Youth and children's films receive particular emphasis. The market has made a deliberate choice to support projects aimed at younger audiences, recognizing both the creative challenge and the market opportunity in that space. Whether you're developing an animated feature, a live-action adventure, or a documentary for kids, the platform is designed to connect you with producers and financiers who understand that segment.

The deadline is July 14, 2026. That gives filmmakers roughly two months from now to prepare their submissions—enough time to assemble materials, refine pitches, and gather the documentation that coproduction markets typically require. The submission process itself is managed through the Film New Europe network, which maintains the portal and handles logistics.

Film New Europe itself is worth understanding as context. It's not a festival or a funding body, but rather a professional association and information network for filmmakers across the region.
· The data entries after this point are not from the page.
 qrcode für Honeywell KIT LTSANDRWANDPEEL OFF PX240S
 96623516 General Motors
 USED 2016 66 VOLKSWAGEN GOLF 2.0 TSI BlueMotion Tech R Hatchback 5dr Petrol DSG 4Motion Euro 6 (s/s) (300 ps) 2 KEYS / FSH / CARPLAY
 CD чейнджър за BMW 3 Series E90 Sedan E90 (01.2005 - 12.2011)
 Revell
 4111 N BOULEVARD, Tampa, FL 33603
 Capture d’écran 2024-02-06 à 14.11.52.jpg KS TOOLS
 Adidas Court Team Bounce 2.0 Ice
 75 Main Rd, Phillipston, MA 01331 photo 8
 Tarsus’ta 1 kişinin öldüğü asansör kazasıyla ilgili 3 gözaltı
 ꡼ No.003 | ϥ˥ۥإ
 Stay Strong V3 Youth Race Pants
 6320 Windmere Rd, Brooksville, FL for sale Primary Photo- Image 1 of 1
The organization maintains a news service, a web portal, and a database of industry contacts—essentially the connective tissue that allows filmmakers in Sofia to find partners in Riga, or producers in Budapest to discover projects in Bucharest. The Baltic Event Co-Production Market is one of its flagship initiatives, a twice-yearly gathering (there's also a spring edition) where that network becomes physical, where people sit across tables and talk about their projects.
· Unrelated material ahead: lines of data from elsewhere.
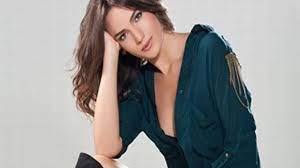 We did not find results for: Acalya Samyeli Danoglu Modellik Bana Gore Degil Sacitaslan Com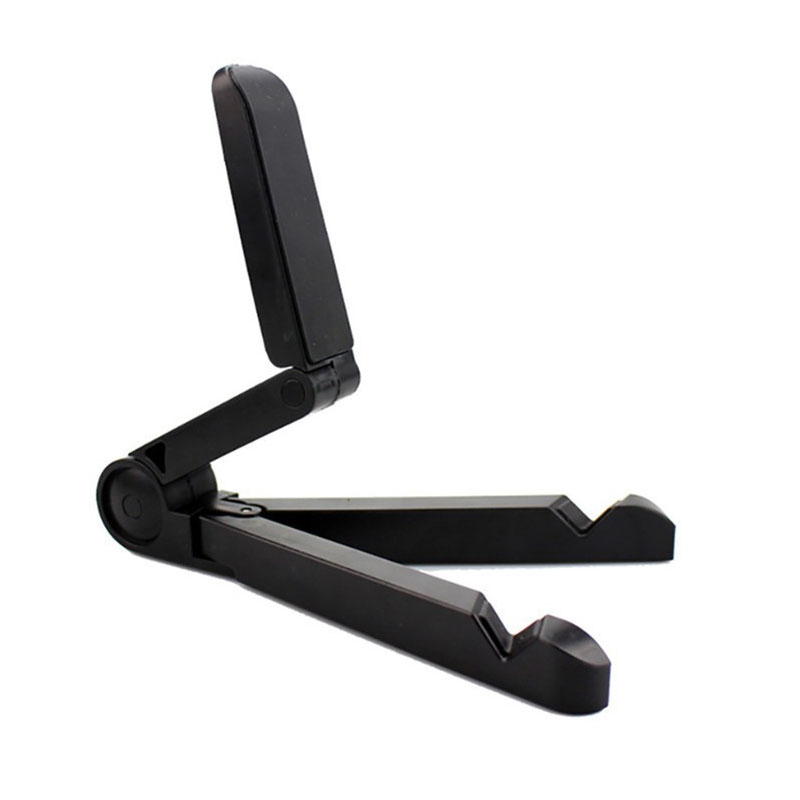 Foldable Phone/Tablet Holder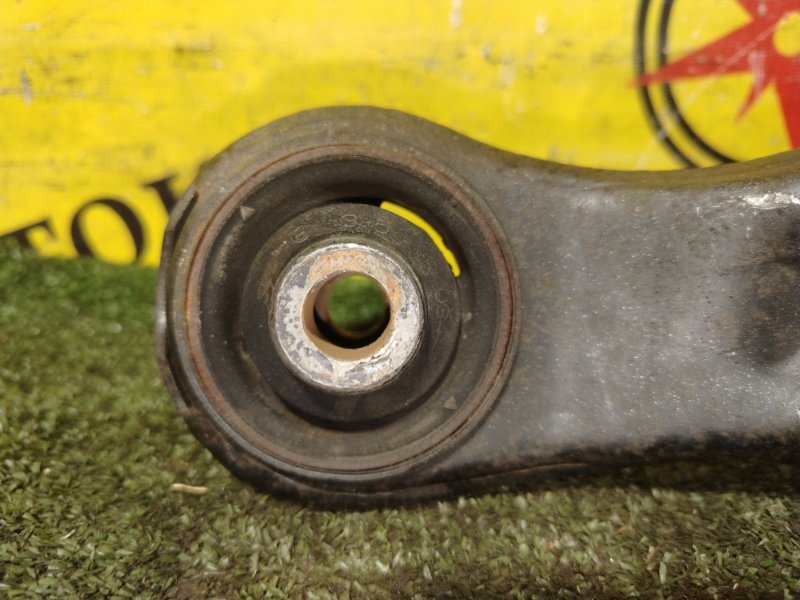 рычаг, 1300 рублей, Красноярск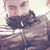 Arthur Navarrete's profile image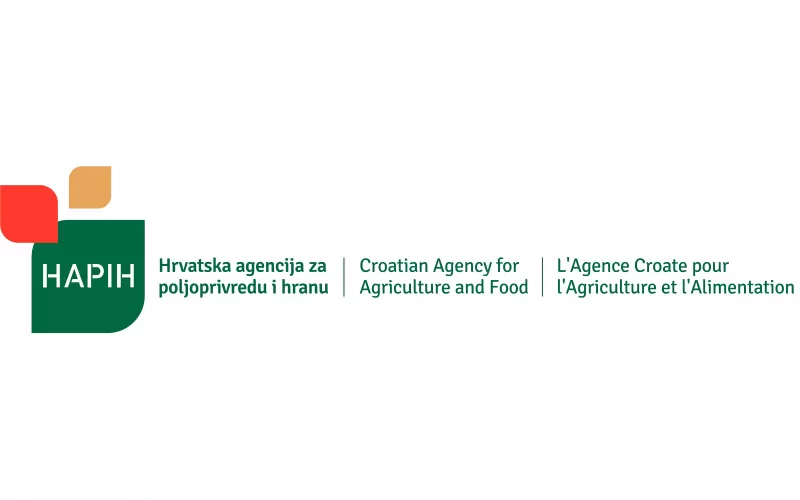 Hrvatska agencija za poljoprivredu i hranu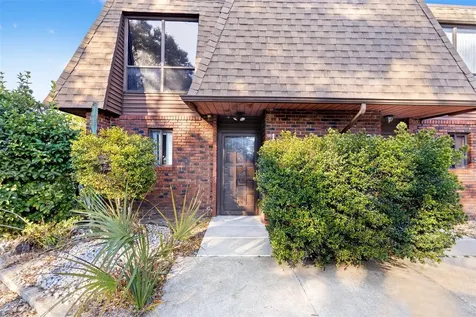 1836 N Crystal Lake Drive Lakeland FL 33801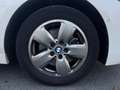 BMW 116 116d I NIEUWSTAAT I GEKEURD Weiß - thumbnail 20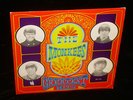 The Monkees LP Greatest Hits RARE VIVA LABEL UNKNOWN ISSUE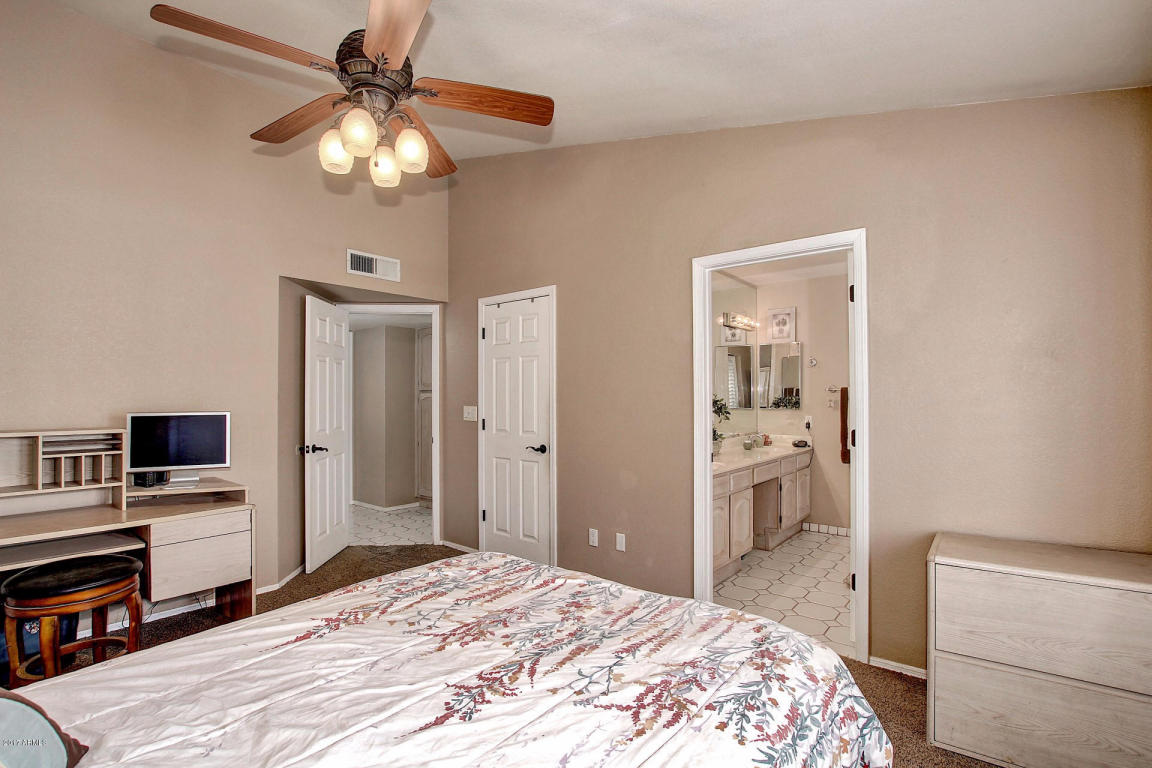 4228 E Downing St, Mesa, AZ 85205 photo 16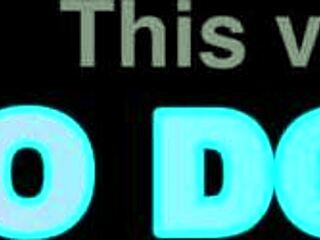 Oh my god, experience meu primeiro gozo in this wild Brazilian adventure - what a rush!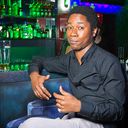 ���������� ������, ���� ������� Jeremi, 40 ���, ������������ ��� ������, ����� � ���������, c�������� ���������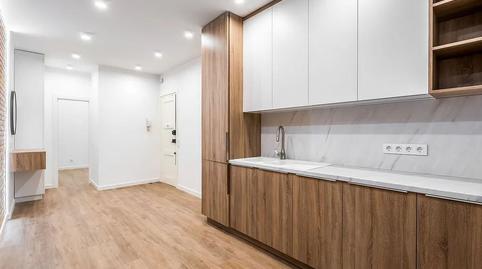 Photo 2 of Flat to rent in Carrer de Vallcalent, 9, Instituts - Universitat, Lleida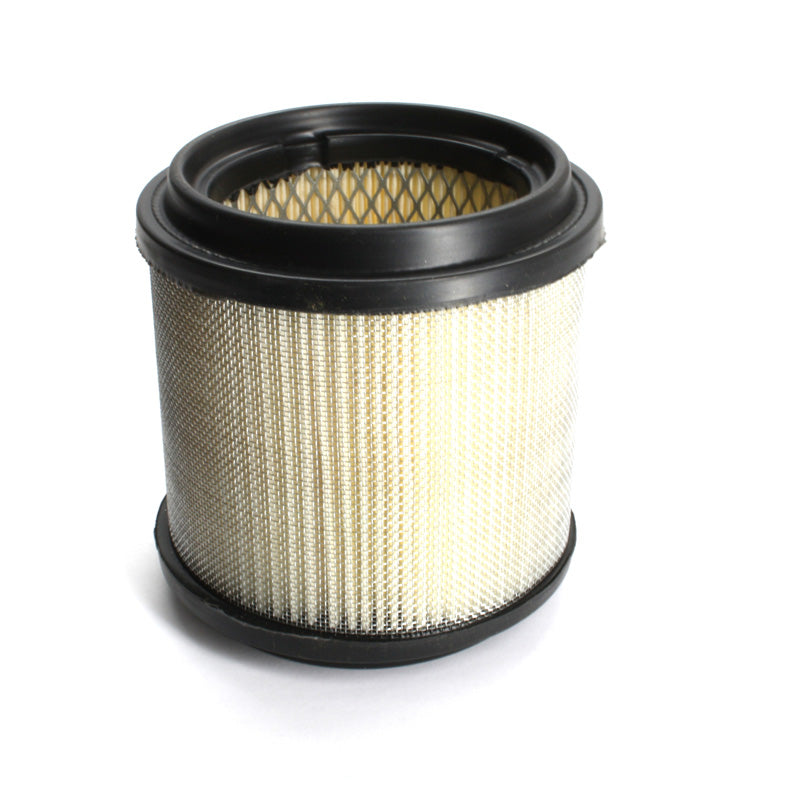 REPLACEMENT AIR FILTER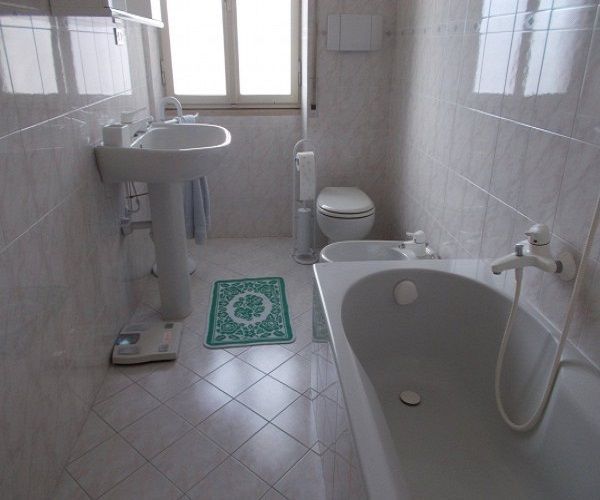Квартира в Сан-Ремо, Италия, 95 м2 фото 4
For filmmakers in the region, these markets matter. They're where funding gets committed, where international coproduction agreements take shape, where a project moves from a script and a budget to an actual production timeline. The Eurimages Award carries particular weight because it comes with development funding and the institutional backing of the Council of Europe's film support program. Winning it can change the trajectory of a project.
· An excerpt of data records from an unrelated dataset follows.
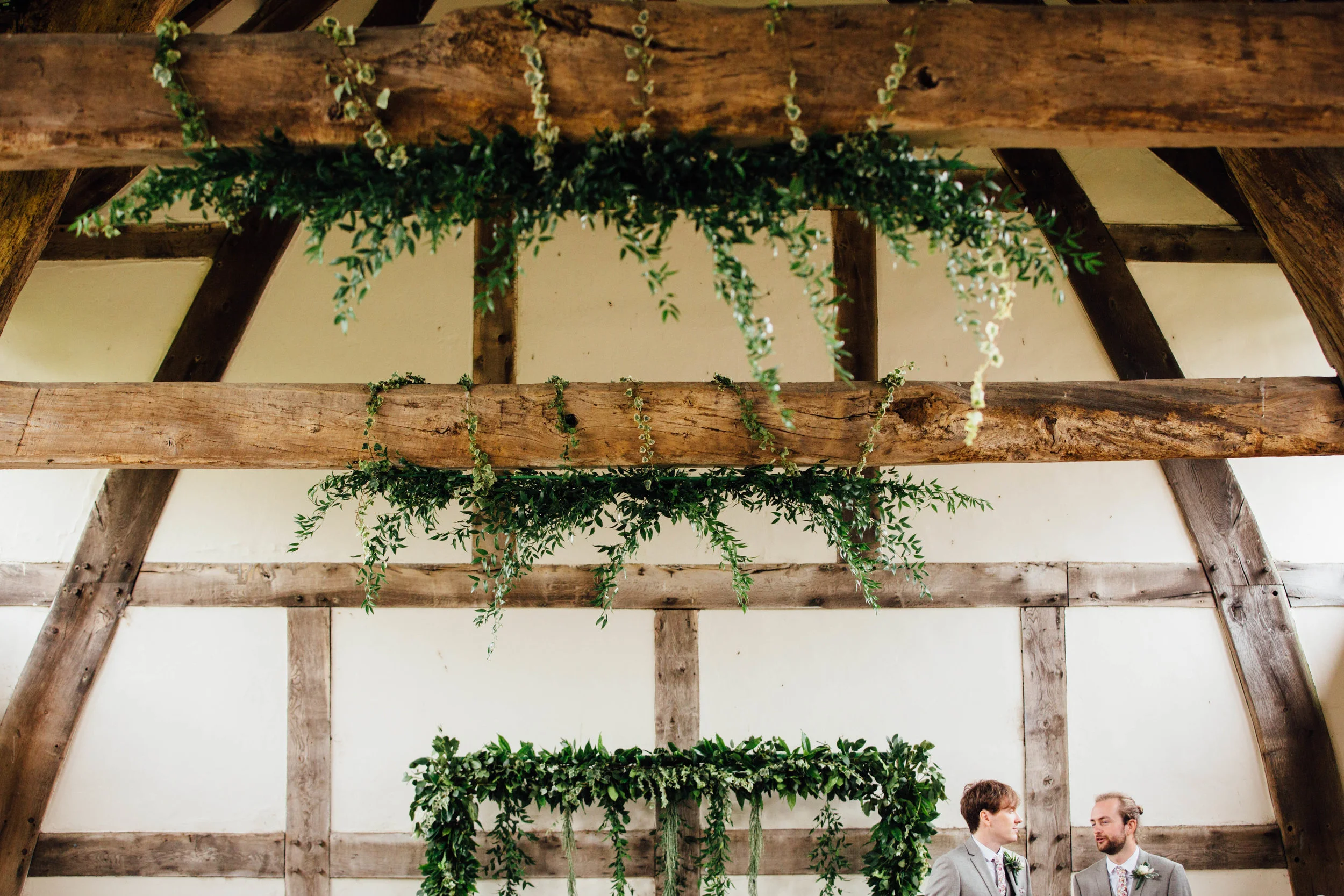 B&C_Wedding-128.jpg
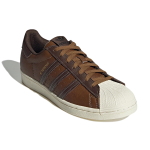 Adidas originals Superstar
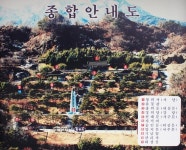 임진왜란 초 열세 만회, 이들의 공이 컸다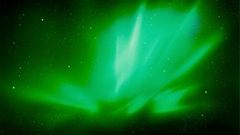 Space here high Resolution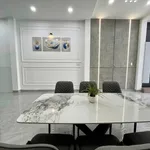 Bán nhà 3 phòng ngủ 90m² Biên Hòa 1 tỷ 690 - Ảnh thu nhỏ 3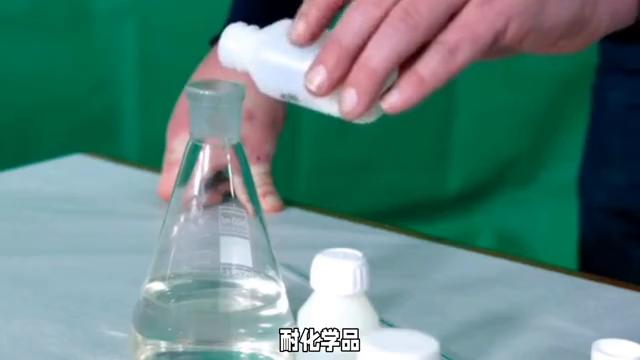 锦纶布料有什么特点,锦纶氨纶混纺面料特点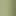 green / cremewhite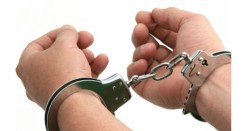 उदयपुरमा दाउरा प्रहार गरी वृद्धको हत्या, ३५ वर्षीय युवक पक्राउ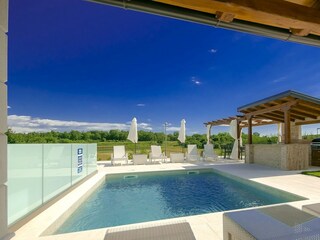 Villa Brtonigla Environment 34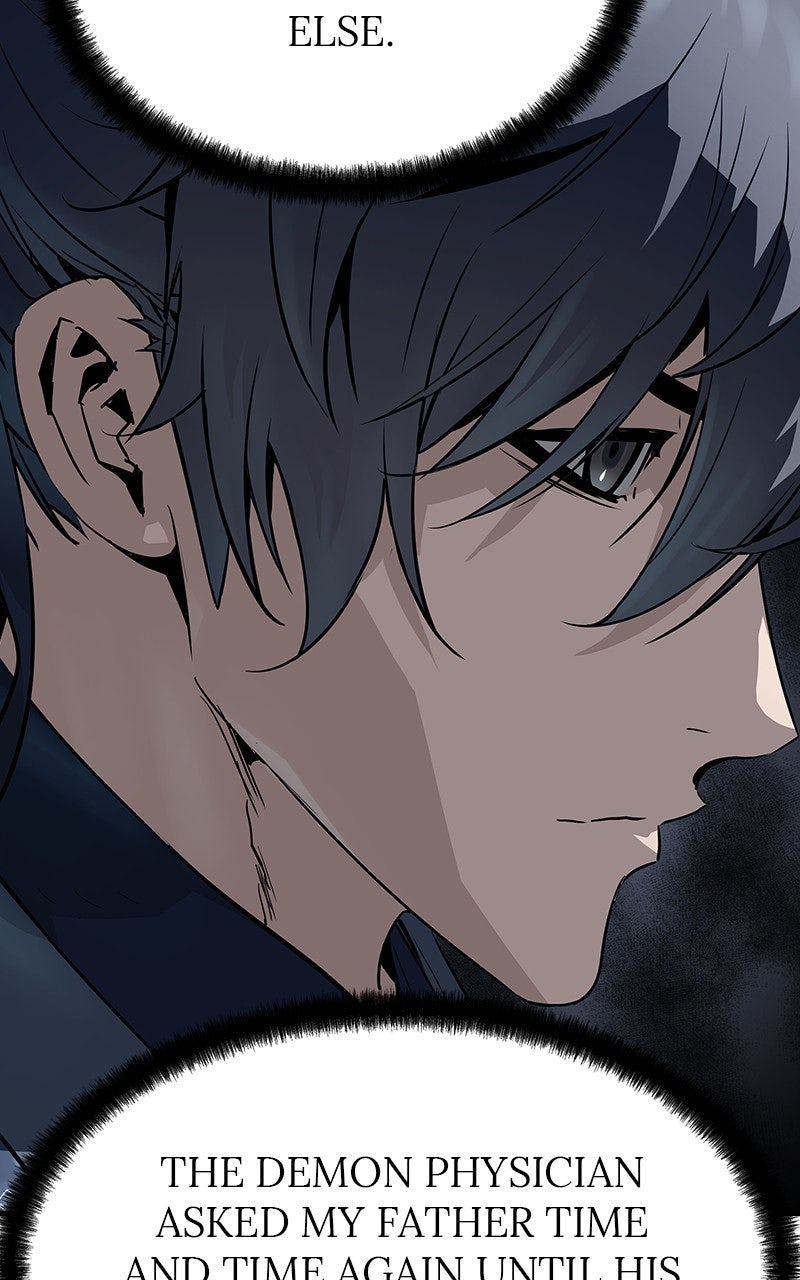 Read Absolute Regression EN Manga Online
The Hearth Conversation Another angle on the story
Inventor

Why does a market like this exist at all? Why not just have filmmakers pitch directly to financiers?

Model

Because filmmakers in smaller countries need to find each other. A Bulgarian producer might have the perfect partner in Latvia, but without a platform, they'd never meet. The market creates that collision.

Inventor

And the Eurimages Award—what makes that different from other development funding?

Model

It's European institutional backing. The Council of Europe stands behind it. That credibility opens doors with broadcasters and distributors across the continent.

Inventor

Why focus on youth and children's films specifically?

Model

Those projects are harder to finance internationally, but they have real market potential. The market is saying: we believe in this category, and we're going to help you find partners who do too.

Inventor

The Basque Country as Spotlight—is that just marketing, or does it actually change things?

Model

It changes visibility. Basque filmmakers get dedicated networking time, higher profile in the program, more attention from other producers. It's a way of saying: this region's work matters this year.

Inventor

So if I'm a Romanian director with a children's film, what actually happens if I submit?

Model

Your project gets reviewed, you get feedback, and if it's selected, you come to Tallinn in November and pitch it to producers, financiers, and broadcasters from across the region. You might walk out with a coproduction partner, or development funding, or both.